Hacker News new | ask | show | jobs
by nerdponx 3034 days ago
The behavior the article is, to me, way more bizarre than the curse of dimensionality.

It's tempting to think of data sets as "point clouds". This article is a reality check for me: you can't safely apply intuition about 2- and 3-d point clouds to higher dimensional data. I suspect that this explains why methods like tSNE seem to produce unstable results depending on the parameters [0]. The notion of a "neighbor" in high dimensions is just not what I think it is.

I suppose the same is true for high-dimensional cost surfaces. Gradient descent is often described as "like walking down a hill". But without a deep understanding of high-dimensional geometry, I'm not at all confident that I know what a 4-, 10-, or 1000-dimensional hill looks like.

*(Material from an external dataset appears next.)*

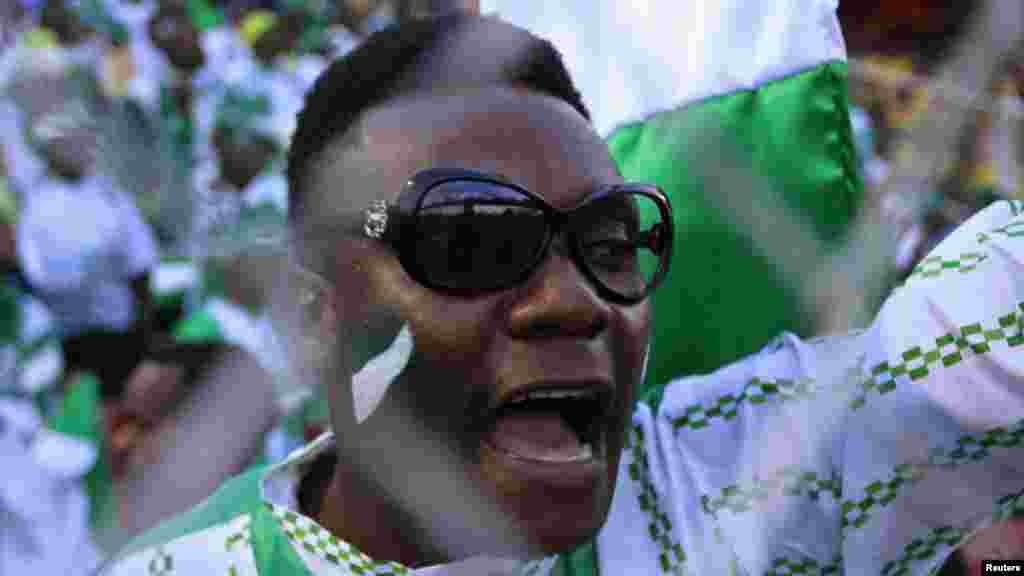 A supporter of Nigeria's football team celebrates their 2- 1 victory over Ethiopia in their 2014 World Cup qualifying soccer match.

The lesson: Be skeptical of my own geometric intuition unless it is firmly backed by math.

[0]: https://distill.pub/2016/misread-tsne/

1 comments

Indeed. I find https://www.thestar.com/news/insight/2016/01/16/when-us-air-... to be a good cautionary tale on how our intuition about people being close to average is misleading - nobody is. And nobody is particularly like anyone else, either.

On a thousand dimensional hill, my intuition is that it locally looks like a low dimensional hill, along axes that you can find through techniques like Principal Components Analysis. This has yet to mislead me. On the other hand, my pure math background was a long time ago, and I have not explored machine learning in any real depth...

But what this article makes me think is that even "low" dimensions can't be trusted, as long as it's greater than 3.